In this Posting, we'll take a look, how the Datatype we use as a Loop-Variable will influence the construction of the Loop on the lowest level.
EXAMPLE 1:
We start with our fastest Loop. REGISTER-Variable, which is however NOT used inside the Loop.
Please note that this will make the compiler to reverse the Loop-direction and check for "JNZ" (Jump-Not-zero)
as this is the fastest way of Looping..
REGISTER R01 AS LONG
FOR R01=10 TO 200
!NOP
NEXT R01
' becomes our fastest Loop:
4023D6 MOV ESI, DWORD 000000BF
4023DC NOP
4023DD DEC ESI
4023DF JNZ SHORT L4023DC
please note that you can undermine that system, if you make sure that you use the REGISTER-Variables in the right Order.
Knowing that ESI - contains the first declared REGISTER-Variable, and EDI - the second, you can this way still use these registers with ASM-Code.
EXAMPLE 2:
We can still use the REGISTER-Variable and have the downrunning loop, byaccessing the REGISTER directly.

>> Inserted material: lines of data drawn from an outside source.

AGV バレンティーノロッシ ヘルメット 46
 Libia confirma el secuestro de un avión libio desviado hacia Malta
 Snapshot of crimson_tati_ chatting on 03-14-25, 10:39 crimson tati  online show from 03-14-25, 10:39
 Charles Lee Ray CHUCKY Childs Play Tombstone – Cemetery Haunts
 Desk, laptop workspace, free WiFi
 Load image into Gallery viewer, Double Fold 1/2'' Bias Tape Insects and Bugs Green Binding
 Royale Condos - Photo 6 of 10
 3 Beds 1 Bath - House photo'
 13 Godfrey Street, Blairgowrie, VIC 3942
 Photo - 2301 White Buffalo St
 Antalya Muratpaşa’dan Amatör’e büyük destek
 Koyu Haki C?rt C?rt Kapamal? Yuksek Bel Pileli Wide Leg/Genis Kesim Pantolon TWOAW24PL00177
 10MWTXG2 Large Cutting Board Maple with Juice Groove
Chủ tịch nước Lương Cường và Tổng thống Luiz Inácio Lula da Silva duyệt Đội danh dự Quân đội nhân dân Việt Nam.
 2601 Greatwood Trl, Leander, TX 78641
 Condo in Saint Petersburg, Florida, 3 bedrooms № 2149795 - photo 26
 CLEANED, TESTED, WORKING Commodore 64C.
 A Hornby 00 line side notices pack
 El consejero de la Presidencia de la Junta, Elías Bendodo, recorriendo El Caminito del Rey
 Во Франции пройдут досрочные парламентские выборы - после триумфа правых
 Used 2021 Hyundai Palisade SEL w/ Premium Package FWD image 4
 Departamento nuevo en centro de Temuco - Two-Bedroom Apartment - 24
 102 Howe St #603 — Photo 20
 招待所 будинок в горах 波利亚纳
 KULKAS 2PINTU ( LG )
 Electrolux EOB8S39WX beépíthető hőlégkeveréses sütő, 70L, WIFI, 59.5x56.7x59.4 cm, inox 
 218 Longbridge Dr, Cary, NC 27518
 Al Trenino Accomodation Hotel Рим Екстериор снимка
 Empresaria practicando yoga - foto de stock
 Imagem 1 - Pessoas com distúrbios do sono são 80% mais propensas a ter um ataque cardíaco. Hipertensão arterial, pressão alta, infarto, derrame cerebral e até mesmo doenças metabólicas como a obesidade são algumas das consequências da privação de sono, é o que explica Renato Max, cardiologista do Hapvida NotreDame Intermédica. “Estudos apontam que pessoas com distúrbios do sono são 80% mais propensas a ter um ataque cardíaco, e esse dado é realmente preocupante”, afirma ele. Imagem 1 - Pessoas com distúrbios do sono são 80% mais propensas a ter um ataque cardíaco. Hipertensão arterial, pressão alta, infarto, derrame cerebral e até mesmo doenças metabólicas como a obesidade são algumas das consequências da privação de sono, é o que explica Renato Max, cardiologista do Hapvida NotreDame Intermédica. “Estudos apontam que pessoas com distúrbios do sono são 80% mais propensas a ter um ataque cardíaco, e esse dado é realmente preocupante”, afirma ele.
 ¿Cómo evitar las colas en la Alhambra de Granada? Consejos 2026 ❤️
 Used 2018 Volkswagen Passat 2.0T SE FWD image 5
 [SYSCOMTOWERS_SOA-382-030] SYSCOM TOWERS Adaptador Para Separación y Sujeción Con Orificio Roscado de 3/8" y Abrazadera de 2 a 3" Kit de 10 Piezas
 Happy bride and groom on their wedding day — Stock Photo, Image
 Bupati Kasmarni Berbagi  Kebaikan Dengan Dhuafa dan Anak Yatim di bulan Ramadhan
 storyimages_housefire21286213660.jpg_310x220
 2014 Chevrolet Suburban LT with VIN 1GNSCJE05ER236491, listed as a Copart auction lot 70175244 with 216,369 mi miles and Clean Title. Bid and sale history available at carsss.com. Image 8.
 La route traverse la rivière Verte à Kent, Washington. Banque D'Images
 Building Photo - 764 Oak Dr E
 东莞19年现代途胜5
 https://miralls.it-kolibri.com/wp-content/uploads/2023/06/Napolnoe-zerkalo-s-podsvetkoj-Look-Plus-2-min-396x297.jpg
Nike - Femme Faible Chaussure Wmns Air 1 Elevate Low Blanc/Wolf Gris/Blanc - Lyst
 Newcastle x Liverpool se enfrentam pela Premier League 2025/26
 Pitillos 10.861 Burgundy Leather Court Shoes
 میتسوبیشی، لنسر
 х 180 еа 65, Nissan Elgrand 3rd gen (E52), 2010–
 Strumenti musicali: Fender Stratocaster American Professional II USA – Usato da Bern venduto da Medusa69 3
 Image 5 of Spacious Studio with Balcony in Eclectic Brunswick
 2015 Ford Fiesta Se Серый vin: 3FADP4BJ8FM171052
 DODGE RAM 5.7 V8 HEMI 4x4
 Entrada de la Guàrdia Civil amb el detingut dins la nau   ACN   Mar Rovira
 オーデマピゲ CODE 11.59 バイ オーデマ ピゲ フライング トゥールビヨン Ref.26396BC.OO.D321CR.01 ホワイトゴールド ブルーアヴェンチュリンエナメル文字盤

While I do not really recommend this. I show this, to demonstrate that the Compiler just looks if "R01" is been found inside the Loop.
If not he will reverse the Loop direction.
FOR R01=10 TO 200
!NOP
! MOV EAX,ESI
NEXT R01
4023D6 MOV ESI, DWORD 000000BF
4023DC NOP
4023DD MOV EAX, ESI
4023DF DEC ESI
4023E1 JNZ SHORT L4023DC
EXAMPLE 3:
In this example we do something really useless, we assign R01 the Content of R01.
The reason is, to see how the compiler will change the Loop IF R01 is been used inside the Loop.
FOR R01=10 TO 200
!NOP
R01=R01
NEXT R01
4023D6 MOV ESI, DWORD 0000000A
4023DC NOP
4023DD MOV EAX, ESI
4023DF MOV ESI, EAX
4023E1 INC ESI
4023E3 CMP ESI, DWORD 000000C8
4023E9 JLE SHORT L4023DC
Now we see that this Loop is just a bit bigger.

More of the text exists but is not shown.